Forum Moderators: rogerd
Some professional scrapers stage blitzkrieg raids, mounting around a dozen simultaneous attacks on a website to grab as much data as quickly as possible without being detected or crashing the site they're targeting.
Raids like these are on the rise. "Customers for whom we were regularly blocking about 1,000 to 2,000 scrapes a month are now seeing three times or in some cases 10 times as much scraping," says Marino Zini, managing director of Sentor Anti Scraping System.
The emerging business of web scraping provides some of the raw material for a rapidly expanding data economy. Marketers spent $7.8 billion on online and offline data in 2009, according to the New York management consulting firm Winterberry Group LLC. Spending on data from online sources is set to more than double, to $840 million in 2012 from $410 million in 2009.

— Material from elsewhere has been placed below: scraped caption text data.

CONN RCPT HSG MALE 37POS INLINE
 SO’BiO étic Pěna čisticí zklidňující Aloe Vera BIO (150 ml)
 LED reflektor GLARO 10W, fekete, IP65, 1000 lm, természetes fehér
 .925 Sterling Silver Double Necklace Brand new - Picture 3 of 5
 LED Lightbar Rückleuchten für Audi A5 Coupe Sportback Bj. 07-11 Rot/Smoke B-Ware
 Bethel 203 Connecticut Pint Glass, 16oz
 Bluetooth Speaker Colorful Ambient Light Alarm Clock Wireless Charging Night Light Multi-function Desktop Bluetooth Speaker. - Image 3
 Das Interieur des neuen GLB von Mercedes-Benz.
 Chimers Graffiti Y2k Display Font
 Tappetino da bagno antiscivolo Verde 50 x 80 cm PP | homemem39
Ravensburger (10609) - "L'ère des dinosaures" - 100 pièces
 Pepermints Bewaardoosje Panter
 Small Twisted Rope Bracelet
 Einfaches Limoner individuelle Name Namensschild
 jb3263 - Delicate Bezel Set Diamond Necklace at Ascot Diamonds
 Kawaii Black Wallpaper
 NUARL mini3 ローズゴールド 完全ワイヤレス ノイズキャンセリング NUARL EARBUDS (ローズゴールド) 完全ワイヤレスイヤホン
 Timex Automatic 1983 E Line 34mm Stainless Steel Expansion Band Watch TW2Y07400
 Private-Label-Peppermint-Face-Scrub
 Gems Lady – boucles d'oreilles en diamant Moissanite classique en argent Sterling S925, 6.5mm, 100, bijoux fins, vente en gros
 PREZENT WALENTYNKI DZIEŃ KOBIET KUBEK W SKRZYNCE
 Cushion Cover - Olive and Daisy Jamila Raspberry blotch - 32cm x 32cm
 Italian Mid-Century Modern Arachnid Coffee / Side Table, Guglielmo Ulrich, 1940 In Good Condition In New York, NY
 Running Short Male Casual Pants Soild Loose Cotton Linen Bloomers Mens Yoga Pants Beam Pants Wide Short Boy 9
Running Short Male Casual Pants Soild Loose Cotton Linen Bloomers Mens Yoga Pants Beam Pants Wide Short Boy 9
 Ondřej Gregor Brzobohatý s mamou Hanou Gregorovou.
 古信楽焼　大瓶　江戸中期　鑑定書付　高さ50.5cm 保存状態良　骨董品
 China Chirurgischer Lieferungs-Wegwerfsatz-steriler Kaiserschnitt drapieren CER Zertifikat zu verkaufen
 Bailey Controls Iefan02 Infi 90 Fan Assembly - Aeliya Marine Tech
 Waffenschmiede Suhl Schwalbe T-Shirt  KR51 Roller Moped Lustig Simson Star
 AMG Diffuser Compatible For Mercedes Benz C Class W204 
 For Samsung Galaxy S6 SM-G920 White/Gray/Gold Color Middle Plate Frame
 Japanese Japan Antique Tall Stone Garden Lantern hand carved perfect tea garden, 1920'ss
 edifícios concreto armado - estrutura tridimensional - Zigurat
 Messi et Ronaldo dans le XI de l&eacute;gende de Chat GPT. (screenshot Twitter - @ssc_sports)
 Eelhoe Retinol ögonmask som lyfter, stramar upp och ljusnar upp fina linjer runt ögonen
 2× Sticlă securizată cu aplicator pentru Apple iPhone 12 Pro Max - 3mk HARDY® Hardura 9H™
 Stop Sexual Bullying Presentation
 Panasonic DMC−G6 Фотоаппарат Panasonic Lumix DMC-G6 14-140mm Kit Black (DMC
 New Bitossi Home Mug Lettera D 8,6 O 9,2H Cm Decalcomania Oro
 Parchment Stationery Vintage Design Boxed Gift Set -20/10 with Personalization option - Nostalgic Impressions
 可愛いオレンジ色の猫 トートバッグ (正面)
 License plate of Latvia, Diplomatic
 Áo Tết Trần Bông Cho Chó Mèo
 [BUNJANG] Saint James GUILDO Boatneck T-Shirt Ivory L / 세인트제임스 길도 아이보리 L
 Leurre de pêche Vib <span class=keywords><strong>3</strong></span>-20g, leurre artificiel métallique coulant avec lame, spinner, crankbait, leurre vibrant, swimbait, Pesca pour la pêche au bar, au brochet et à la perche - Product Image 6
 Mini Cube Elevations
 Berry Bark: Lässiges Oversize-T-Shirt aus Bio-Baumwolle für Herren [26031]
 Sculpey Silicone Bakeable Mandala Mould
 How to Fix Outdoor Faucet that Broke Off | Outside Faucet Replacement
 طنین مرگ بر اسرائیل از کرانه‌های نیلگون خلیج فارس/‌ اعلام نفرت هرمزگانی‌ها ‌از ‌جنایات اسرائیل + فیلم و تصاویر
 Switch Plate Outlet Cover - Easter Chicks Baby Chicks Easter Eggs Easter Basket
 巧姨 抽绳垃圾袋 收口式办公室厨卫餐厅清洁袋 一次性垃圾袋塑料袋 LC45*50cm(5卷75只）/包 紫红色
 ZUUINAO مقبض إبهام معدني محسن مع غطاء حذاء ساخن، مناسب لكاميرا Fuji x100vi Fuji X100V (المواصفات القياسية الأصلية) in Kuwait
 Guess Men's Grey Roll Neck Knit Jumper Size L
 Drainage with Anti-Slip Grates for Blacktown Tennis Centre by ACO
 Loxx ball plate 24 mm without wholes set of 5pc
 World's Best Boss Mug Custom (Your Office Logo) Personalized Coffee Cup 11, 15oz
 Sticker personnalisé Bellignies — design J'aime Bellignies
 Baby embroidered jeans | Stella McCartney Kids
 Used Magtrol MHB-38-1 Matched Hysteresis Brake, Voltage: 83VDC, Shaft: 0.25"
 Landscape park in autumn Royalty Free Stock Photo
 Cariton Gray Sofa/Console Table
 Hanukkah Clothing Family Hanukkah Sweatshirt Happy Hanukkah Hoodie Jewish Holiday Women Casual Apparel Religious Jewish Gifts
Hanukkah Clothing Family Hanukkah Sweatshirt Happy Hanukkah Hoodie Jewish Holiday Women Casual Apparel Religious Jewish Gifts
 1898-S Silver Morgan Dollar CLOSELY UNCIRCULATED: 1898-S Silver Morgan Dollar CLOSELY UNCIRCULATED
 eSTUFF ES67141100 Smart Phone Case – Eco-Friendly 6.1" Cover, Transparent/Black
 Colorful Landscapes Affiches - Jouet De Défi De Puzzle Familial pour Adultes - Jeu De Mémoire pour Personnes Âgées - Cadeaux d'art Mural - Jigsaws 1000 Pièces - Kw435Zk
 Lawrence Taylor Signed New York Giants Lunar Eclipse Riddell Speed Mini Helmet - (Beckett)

Since the problem is well known and likely to keep growing it's a bit surprising that something akin to Akismet-for-blocking-site-ripper-bots hasn't emerged.
Flood protection would only slow down the most amateurish of the scrapers. Some of them tend to be smarter than that and may even have randomised timing to make them look like a human user. What often gives them away is their sharp difference from human browsing patterns.
It's hard to see any way to defeat scrapers altogether by blocking - even if you come up with the perfect piece of software, the potential currently exists to use botnets and defeating them will be real tricky. However, when the big boys are caught at it, naming and shaming might help.
I FF with BetterPrivacy installed
RequestPolicy, ABP, noscript, cookiesafe just to be on the safe side
I'm not sure what any of this privacy stuff has to do with scrapers. Nothing. Off Topic.